# French Vanilla Coffee Creamer??



## Little Moon (Dec 29, 2007)

I am totally addicted to the stuff, and would love a recipe to make some from my goat milk. Does anyone have a recipe to make this stuff?

Thanks,
Anne


----------



## Sondra (Oct 25, 2007)

FRENCH VANILLA COFFEE CREAMER

1 (14 oz) can sweetened condensed milk (regular, low fat, or fat free)
1 1/2 cups milk (or reconstituted fat free milk)
1 tablespoon vanilla extract

Combine all ingredients in a blender and blend well. Or, shake ingredients together in a jar until well blended.

Store in the refrigerator.
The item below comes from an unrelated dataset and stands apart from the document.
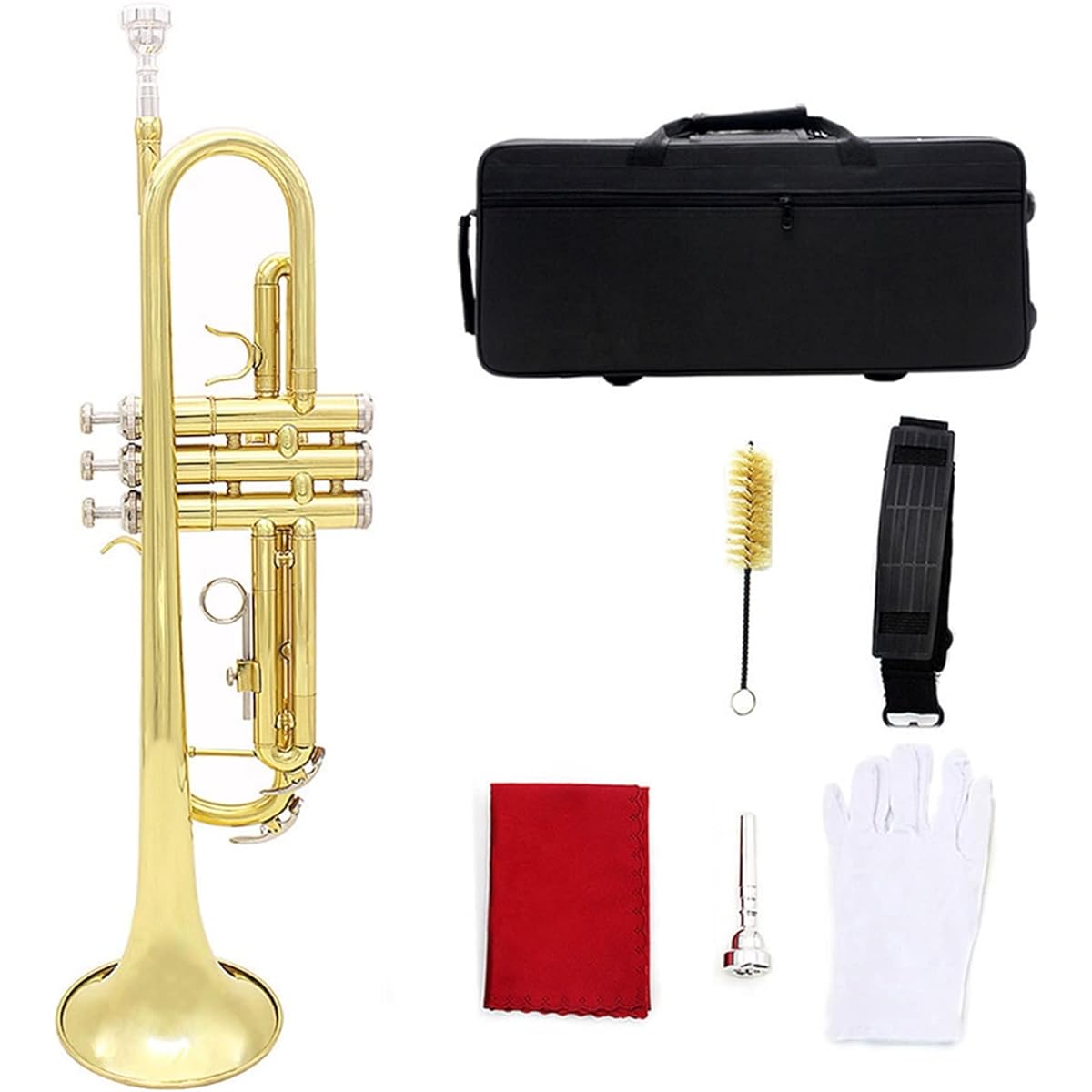 Trumpet Golden Trumpet BB B Flat Brass Instrument Phosphor Copper Horn with Box Strap Mouthpiece Musical Instrument Trumpet Instrument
Will keep for approximately two weeks.

VARIATIONS:

Add specialty flavor syrups (like Torani) or:

FOR CHOCOLATE ALMOND COFFEE CREAMER:
Add 1 to 2 tablespoons unsweetened cocoa powder and 1 tsp almond extract

FOR ORANGE CAPPUCCINO COFFEE CREAMER:
Add 1 teaspoon almond extract and 1/2 teaspoon orange extract

FOR AMARETTO COFFEE CREAMER:
Add 1/2 teaspoon cinnamon and 1 teaspoon almond extract

FOR CHOCOLATE TRUFFLE MINT COFFEE CREAMER:
3 tablespoons unsweetened cocoa powder and 1 teaspoon peppermint extract.

Adapted from various online sources
MSG URL: http://www.recipelink.com/msgid/1425474


----------



## Little Moon (Dec 29, 2007)

Thanks Sondra. I will start experimenting right away. :biggrin

Anne


----------